Taux négatifs : quand le libéralisme viole ses propres principes

mardi 3 septembre 2019

Chronique stratégique du 3 septembre 2019 (pour s’abonner c’est PAR ICI)

Alors que le « tsunami financier », annoncé par Jacques Cheminade lors de la présidentielle de 2017, se profile à l’horizon, le système « libéral » de la mondialisation financière semble prêt à tout pour se sauver – quitte à agir à l’encontre de ses propres principes, notamment en spoliant les épargnants.

Les turbulences se rapprochent. Le mois d’août a vu s’accélérer le processus d’inversion des taux (c’est-à-dire lorsque les rendements des dettes d’État à long terme deviennent inférieurs à ceux à court terme). Comme le rapporte Reuters, les bons du Trésor américain à 30 ans ont atteint leur plus bas historique, et les taux d’intérêt à dix ans, qui sont très proches de ceux à 30 ans, sont passés en-dessous des taux à deux ans. « Il s’agit de l’inversion la plus importante (…) depuis 2007 », souligne l’agence de presse. Face à de tels signes annonciateurs d’une récession de la première économie mondiale, la panique a gagné les marchés, et les bourses ont dévissé.

Une telle inversion des taux est une véritable aberration qui montre le degré de folie s’emparant de la sphère financière. « Lorsque le taux d’intérêt sur les prêts à long terme est inférieur au taux d’intérêt à court terme, cela implique qu’il y a moins de choses pouvant mal tourner sur les prochaines années que les 30 prochains jours », explique Bill Bonner sur le site Contrepoints.org. Compte tenu de l’inflation, qui est en moyenne de 2 %, tout acheteur d’obligations est assuré de perdre de l’argent. À l’échelle mondiale, 17 000 milliards de dollars d’obligations sont aujourd’hui à des taux négatifs.

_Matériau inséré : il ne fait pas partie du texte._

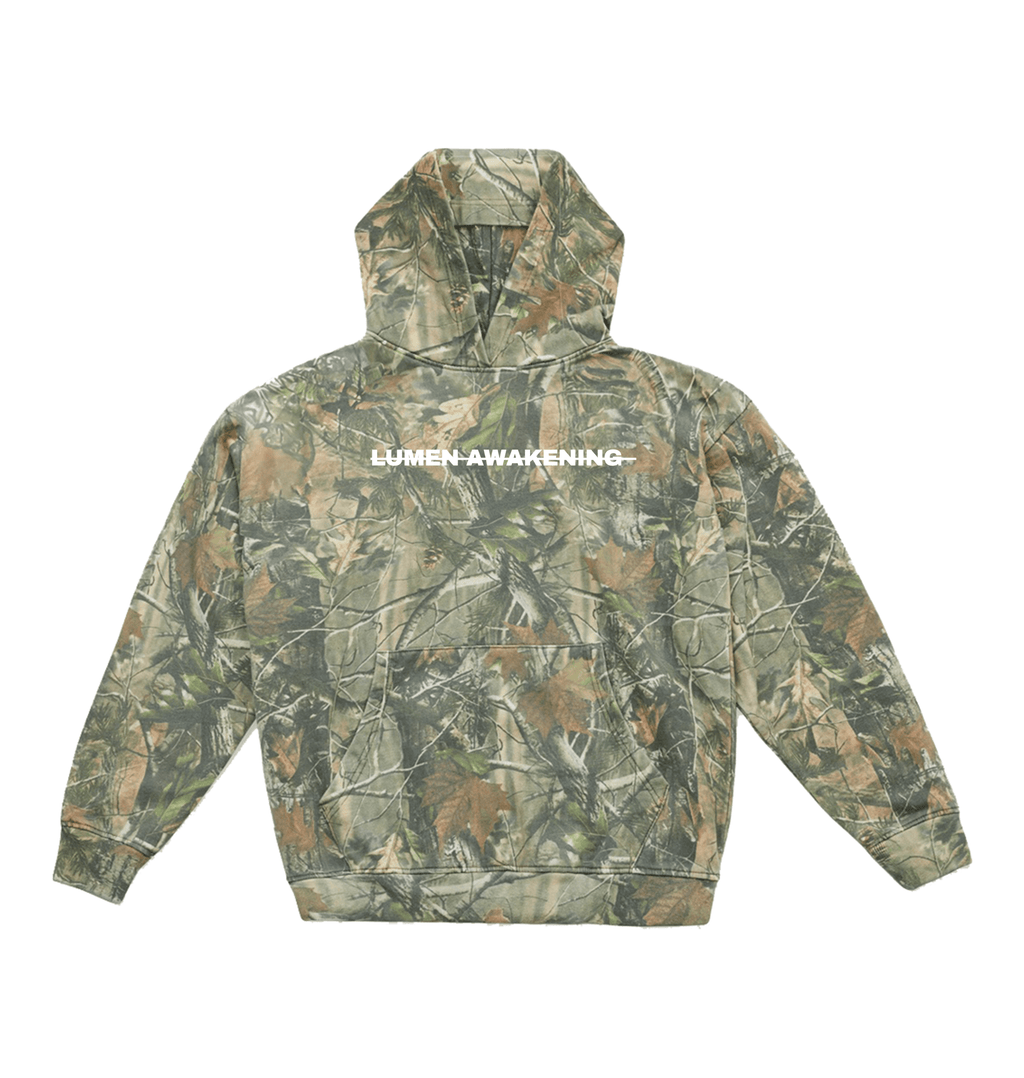 Vintage Wood Camo Printed Hoody Front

La mécanique infernale se met en branle : à la recherche de rendement, les acteurs institutionnels – fonds de pension, trusts, compagnies d’assurance, etc – se réfugient sur les obligations du Trésor américain (puisque leurs taux sont encore positifs), et provoquent donc la baisse de leurs rendements et l’inversion des taux, poussant les investisseurs boursiers – qui anticipent une récession – à vendre…

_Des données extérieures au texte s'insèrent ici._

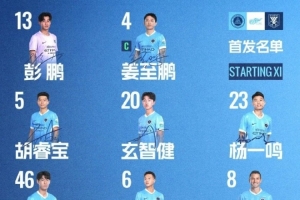 深圳新鹏城主战山东泰山首发阵容出炉！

Spoliation et cannibalisme

La phase suivante – si aucune mesure n’est prise pour enrayer ce processus et poser les bases d’un nouveau système financier – verra fatalement les taux négatifs frapper directement les épargnants. C’est la phase cannibale de l’effondrement du système, où l’on s’en prend ouvertement à ce qui constitue pourtant l’un des parangons du capitalisme libéral : la propriété privée.

La Tribune de Genève (LTG), dans un article paru le 1er septembre, s’inquiète du fait que la Banque nationale suisse s’apprête à réduire de nouveau ses taux, qui se trouvent déjà en territoire négatifs. « Si les taux baissent davantage, ce qui est aujourd’hui attendu, les banques devront prélever un intérêt négatif sur tous les déposants », explique Nikolay Markov, économiste senior chez Picket Asset Management, cité par LTG.

« Vous avez 25 000 francs sur votre compte d’épargne. Un petit pécule économisé ou hérité. Aujourd’hui, votre banque vous verse un micro-intérêt en fin d’année. (…) Il est probable que votre petit capital de 25 000 francs ne sera plus que 24 750 francs douze mois plus tard, intérêt négatif oblige », explique le quotidien suisse.

En Allemagne également, à l’heure où la récession pointe son nez, les épargnants craignent le pire. Le ministre des Finances Olaf Scholz veut même interdire aux banques d’imposer des taux négatifs sur les dépôts de moins de 100 000 euros.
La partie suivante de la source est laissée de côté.